I have had the same problem, and after much searching I have found the answer....
I used driver identifier to give me a list of updates and came up with one that works with 7...Accident or design, I don't care, it works.
the file name is win2k_xp142550. It is listed under others.
at first the installation fails, then it gives the option to reinstall using preferred settings and hey presto.. I have hardware acceleration and sleep mode.
It is one of the smaller files :dance:near the top of the list.


----------



## womblies (Jul 8, 2015)

I had the same problem. This worked for me.
https://downloadcenter.intel.com/do...-Media-Accelerator-Driver-for-Windows-XP-exe-
Good luck !


----------



## joeten (Dec 4, 2008)

Thanks for the input, but this is a very old thread and the op may well have a new machine by this time.


----------



## womblies (Jul 8, 2015)

joeten said:


> Thanks for the input, but this is a very old thread and the op may well have a new machine by this time.



Very true, But Answers are still valuable as a searchable resource. This is how I found my own answer.

Many people are still using old tech. It's a Poor world !


----------



## congoharrison (Mar 16, 2017)

This is an old thread, though I found it useful to revive an old laptop for a friend.

The file needed is not the one mentioned above, as it will not install because it's the wrong OS, that file is an .exe and it halt errors upon execution.

The file that DOES work is an Intel "developer's" .zip file containing the driver, this is the filename: "win2k_xp1424.zip"

As of 16th March, 2017, it can be downloaded here at Intel's website:

https://downloadcenter.intel.com/do...ator-Driver-for-Windows-XP-zip-?product=81510

To install it, you create a folder and unzip the download into it.....
(the .zip file contents are not in a container/folder!)......

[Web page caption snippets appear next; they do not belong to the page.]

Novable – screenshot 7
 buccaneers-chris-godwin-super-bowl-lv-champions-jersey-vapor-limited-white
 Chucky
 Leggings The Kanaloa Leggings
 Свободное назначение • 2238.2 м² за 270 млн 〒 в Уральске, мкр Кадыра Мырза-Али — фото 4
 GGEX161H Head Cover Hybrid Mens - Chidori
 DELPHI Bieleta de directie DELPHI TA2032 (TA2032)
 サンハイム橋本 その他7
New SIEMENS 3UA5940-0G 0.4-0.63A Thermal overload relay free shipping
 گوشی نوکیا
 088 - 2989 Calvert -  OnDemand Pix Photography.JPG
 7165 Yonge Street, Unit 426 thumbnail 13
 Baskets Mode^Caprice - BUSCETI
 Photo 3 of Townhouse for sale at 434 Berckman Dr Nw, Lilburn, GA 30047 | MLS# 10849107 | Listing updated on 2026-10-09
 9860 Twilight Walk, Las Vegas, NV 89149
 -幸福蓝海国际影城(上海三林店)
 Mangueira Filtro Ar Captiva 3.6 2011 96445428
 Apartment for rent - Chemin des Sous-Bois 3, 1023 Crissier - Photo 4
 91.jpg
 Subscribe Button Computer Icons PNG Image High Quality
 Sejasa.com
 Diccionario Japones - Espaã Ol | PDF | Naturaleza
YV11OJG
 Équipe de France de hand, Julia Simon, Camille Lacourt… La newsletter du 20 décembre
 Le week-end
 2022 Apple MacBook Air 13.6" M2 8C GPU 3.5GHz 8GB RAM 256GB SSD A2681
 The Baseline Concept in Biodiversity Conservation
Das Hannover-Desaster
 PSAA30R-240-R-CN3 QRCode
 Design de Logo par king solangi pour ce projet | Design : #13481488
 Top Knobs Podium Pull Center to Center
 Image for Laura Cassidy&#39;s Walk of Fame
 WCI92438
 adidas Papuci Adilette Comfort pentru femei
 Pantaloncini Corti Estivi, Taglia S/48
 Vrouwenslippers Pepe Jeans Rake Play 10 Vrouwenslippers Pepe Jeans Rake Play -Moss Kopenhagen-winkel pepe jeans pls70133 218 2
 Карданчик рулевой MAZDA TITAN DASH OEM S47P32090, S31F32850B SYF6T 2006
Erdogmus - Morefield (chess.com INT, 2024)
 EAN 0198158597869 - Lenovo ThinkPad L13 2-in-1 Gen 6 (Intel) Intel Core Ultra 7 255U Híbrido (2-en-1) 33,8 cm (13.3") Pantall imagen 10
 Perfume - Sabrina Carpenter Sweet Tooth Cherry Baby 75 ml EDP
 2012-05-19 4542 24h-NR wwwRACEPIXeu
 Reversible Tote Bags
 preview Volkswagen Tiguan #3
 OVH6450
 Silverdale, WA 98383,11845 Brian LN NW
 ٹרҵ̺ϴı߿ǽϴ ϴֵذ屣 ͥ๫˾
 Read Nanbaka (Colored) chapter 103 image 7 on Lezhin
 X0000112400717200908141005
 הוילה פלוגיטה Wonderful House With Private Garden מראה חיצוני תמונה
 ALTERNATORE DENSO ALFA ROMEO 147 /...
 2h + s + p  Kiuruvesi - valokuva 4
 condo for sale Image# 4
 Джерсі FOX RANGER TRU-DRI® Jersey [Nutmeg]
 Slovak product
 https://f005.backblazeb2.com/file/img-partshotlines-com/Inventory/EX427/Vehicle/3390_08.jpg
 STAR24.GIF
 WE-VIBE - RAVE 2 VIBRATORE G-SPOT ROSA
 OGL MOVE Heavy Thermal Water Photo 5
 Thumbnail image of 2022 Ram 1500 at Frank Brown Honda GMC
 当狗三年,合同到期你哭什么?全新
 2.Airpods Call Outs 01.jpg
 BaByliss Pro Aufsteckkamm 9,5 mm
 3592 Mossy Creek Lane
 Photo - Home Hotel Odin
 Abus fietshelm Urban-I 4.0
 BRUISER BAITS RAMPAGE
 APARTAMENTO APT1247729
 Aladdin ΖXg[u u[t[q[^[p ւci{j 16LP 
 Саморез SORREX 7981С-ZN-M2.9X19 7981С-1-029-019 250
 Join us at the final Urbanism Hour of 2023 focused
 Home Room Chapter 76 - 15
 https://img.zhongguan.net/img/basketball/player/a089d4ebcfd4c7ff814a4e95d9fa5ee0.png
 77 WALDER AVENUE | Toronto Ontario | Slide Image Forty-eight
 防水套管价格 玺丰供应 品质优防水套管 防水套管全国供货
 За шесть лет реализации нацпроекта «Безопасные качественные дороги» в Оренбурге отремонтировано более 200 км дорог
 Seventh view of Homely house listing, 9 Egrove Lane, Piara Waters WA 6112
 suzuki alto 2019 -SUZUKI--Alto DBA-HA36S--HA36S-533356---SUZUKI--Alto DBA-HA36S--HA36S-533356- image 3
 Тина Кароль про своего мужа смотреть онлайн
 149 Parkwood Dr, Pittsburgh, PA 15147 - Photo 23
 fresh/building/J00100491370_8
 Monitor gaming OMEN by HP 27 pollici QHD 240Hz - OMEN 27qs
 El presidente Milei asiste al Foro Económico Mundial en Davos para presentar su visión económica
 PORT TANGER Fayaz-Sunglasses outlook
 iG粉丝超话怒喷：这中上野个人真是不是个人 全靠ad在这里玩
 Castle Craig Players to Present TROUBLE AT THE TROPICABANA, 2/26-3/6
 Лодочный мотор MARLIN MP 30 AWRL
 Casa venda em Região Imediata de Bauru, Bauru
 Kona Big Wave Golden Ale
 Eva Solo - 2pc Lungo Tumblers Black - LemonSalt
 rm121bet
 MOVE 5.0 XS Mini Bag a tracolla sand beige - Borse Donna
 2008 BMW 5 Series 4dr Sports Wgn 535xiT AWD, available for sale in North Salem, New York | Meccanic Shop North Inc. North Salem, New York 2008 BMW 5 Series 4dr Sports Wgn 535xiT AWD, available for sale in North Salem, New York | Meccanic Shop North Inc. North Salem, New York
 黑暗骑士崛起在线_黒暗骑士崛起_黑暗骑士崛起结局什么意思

Next, open device manager, highlight the problem VGA/Graphics device, 
then choose to "update driver" for that device, then "search my computer for drivers" ..... use the browse button and browse to the folder you created with the driver in it, (the folder/container is all you need to select - you'll see the OK or NEXT button go from greyed out to solid black), install and that's it, upon reboot, device manager shows no error and the driver is installed.

I did this with an Acer Travelmate 4150 (DL00) running Windows 7 Ulimate x86. (Win7 is officially unsupported on this laptop, and no Win7 drivers are available from Acer).

Windows installed the LAN driver from the install disk, then, as stated on the previous page, Windows update served all the other drivers except for the VGA/Graphics driver that I just outlined.


----------